Identification and classification: each call arrives with credentials or a session identity, so the limiter knows which client sent it and which tool it targets. It looks up the tool's cost weight — a cheap lookup costs one token, an expensive search costs ten — and the client's bucket. The two clients have separate buckets, so from the first call their fates are independent; nothing the looping client does can drain the well-behaved client's budget.
The well-behaved agent: it issues a burst of a few tool calls as it reasons through a task, then pauses to think, then issues a few more. Its bucket has capacity for a burst and refills during the pauses, so every call is admitted — the token bucket's burst allowance is exactly what legitimate bursty reasoning needs. Its concurrency stays low because it waits for each result before the next step, so the concurrency cap is never approached. From this client's perspective the limiter is invisible: it never sees a rejection because it never sustains a rate above its refill.
The runaway loop: the second agent misreads a tool result and begins retrying the same expensive search as fast as it can. Its bucket drains in a few calls — ten tokens each against a bucket that refills slowly — and the next call is rejected with a rate-limit error carrying retry-after: 30. A correctly-built agent would back off; this one keeps retrying, but now every retry is rejected cheaply at the limiter, drawing no backend work at all. Meanwhile its concurrency cap ensures that even the calls admitted before the bucket emptied cannot pile up more than a bounded number of slow searches in flight. The expensive backend the search tool wraps sees only the trickle the refill rate permits, never the flood.

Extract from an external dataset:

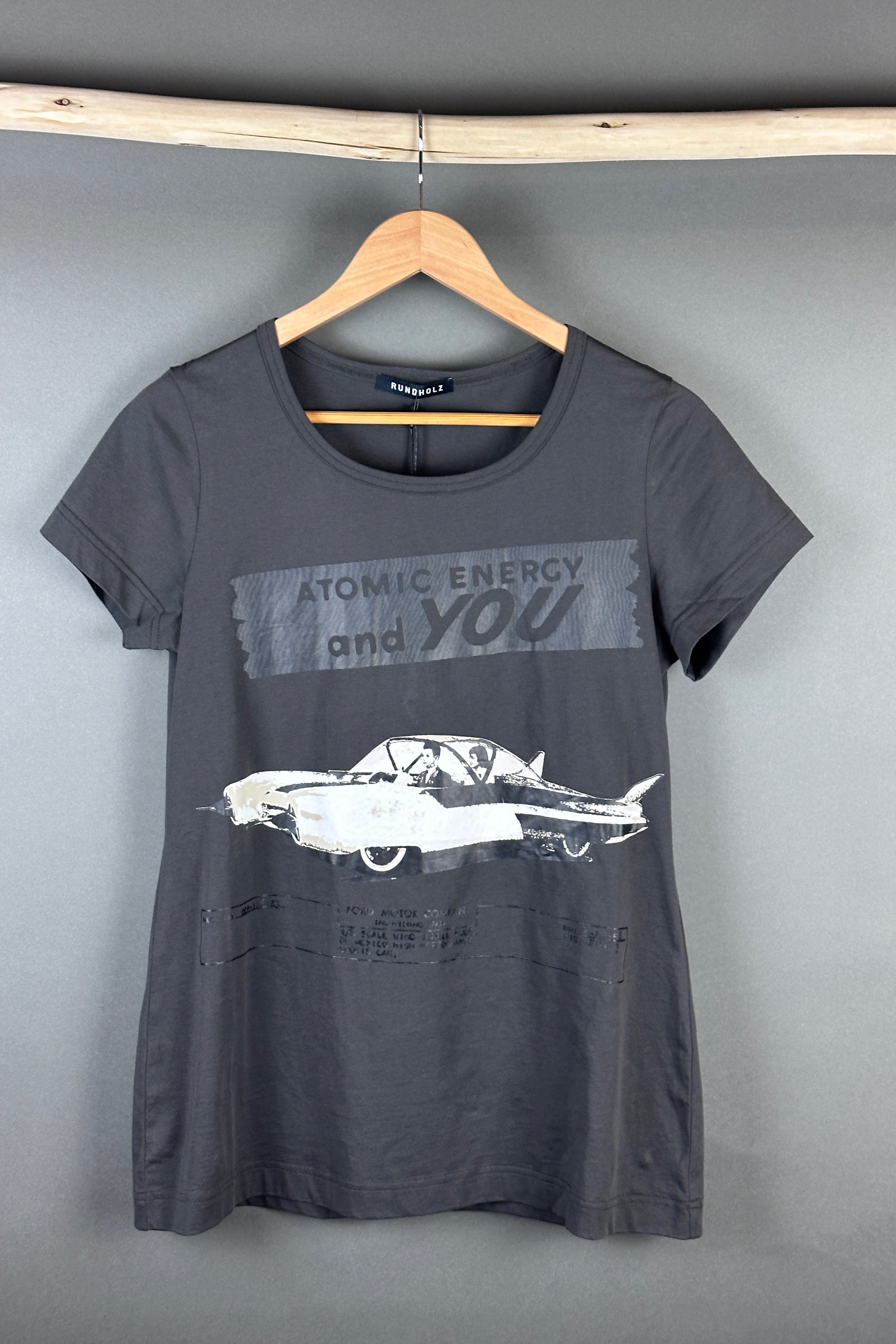 Studio Rundholz Dip Tee car print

Fleet-wide consistency and observability: because the server is horizontally scaled, the two clients' calls may land on different server instances, so the buckets live in a shared store (a fast key-value store) rather than in per-instance memory — otherwise the looping client would get its full quota on each instance and the limit would multiply by the fleet size. The limiter exports per-client, per-tool metrics, so operators see one client sustaining 429s on the search tool and can decide whether it is an abusive client to cut off or a legitimate workload whose limit needs raising. Throughout, the well-behaved agent kept working, the backend stayed healthy, and the runaway loop was contained to its own bucket — the limiter turned a potential outage into a single client's throttle.